─── Given information ───
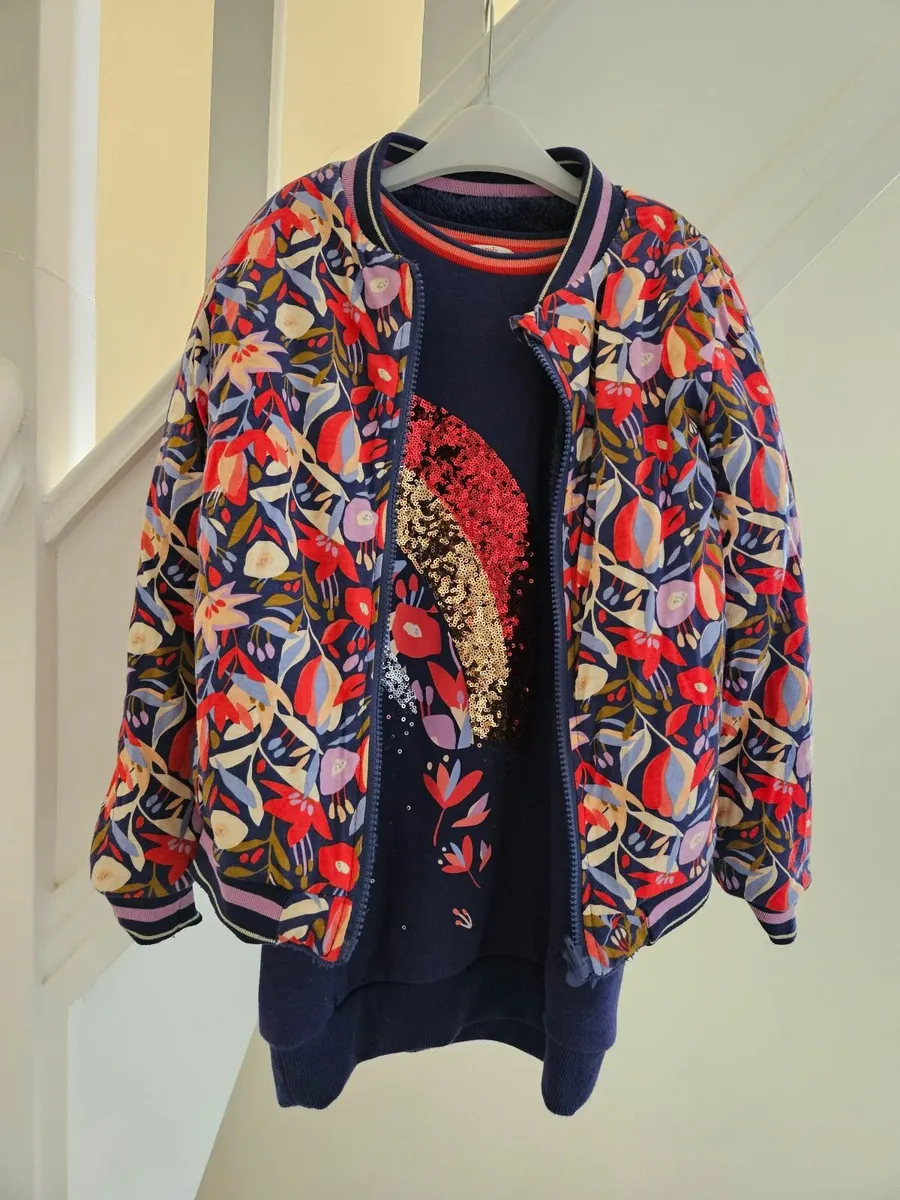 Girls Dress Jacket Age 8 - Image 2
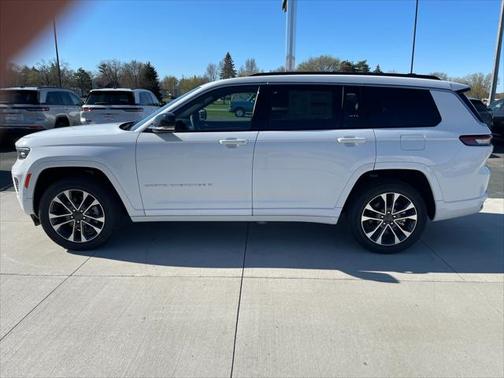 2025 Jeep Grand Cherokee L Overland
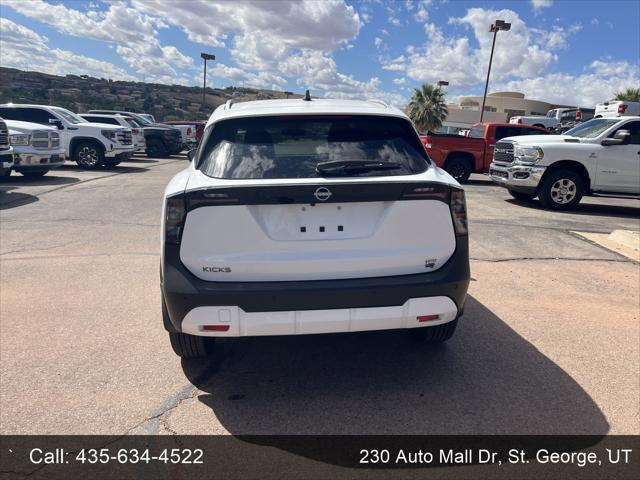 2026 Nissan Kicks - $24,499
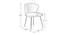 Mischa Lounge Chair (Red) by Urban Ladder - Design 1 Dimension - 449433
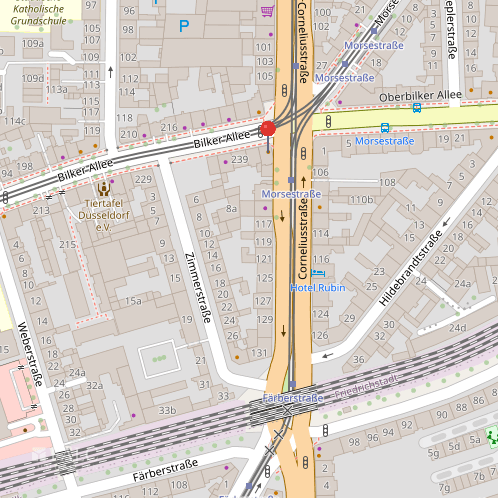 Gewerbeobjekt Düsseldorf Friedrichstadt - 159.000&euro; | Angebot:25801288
───
Task:
If pictures are present, they are dropped, and the entries above are written out word for word.

Written solution:
 Girls Dress Jacket Age 8 - Image 2
 2025 Jeep Grand Cherokee L Overland
 2026 Nissan Kicks - $24,499
 Mischa Lounge Chair (Red) by Urban Ladder - Design 1 Dimension - 449433
 Gewerbeobjekt Düsseldorf Friedrichstadt - 159.000&euro; | Angebot:25801288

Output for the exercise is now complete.